A produção do Imatinibe será realizada por dois laboratórios oficiais: Instituto Vital Brazil e Farmanguinhos, da Fundação Oswaldo Cruz (Fiocruz), além de cinco empresas privadas


O medicamento oncológico Mesilato de Imatinibe, utilizado para o tratamento de leucemia mieloide crônica e estroma gastrointestinal (tumor maligno do intestino), será produzido no Brasil e tem previsão para começar a ser distribuído a partir de janeiro de 2013 para pacientes do Sistema Único de Saúde (SUS) em todo país. Os primeiros 220 mil comprimidos de 400mg foram recebidos ontem de manhã pelo ministro da Saúde, Alexandre Padilha, no Palácio Guanabara, em Laranjeiras, na Zona Sul do Rio.
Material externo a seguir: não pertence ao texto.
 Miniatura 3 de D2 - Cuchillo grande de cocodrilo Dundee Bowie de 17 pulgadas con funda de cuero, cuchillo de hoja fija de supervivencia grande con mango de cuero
A produção do Imatinibe será realizada por dois laboratórios oficiais: Instituto Vital Brazil e Farmanguinhos, da Fundação Oswaldo Cruz (Fiocruz), além de cinco empresas privadas. Com isso, o Ministério da Saúde estima uma economia para o SUS de R$ 337 milhões em cinco anos.

CUSTO PARA CONSUMIDOR SERÁ REDUZIDO


O Brasil passa a produzir aqui no nosso país um genérico para o câncer na última fronteira do tratamento, garantindo para nossa população um remédio com qualidade. O Brasil está, cada vez mais, podendo garantir tratamento à sua população independente de qualquer oscilação do mercado internacional.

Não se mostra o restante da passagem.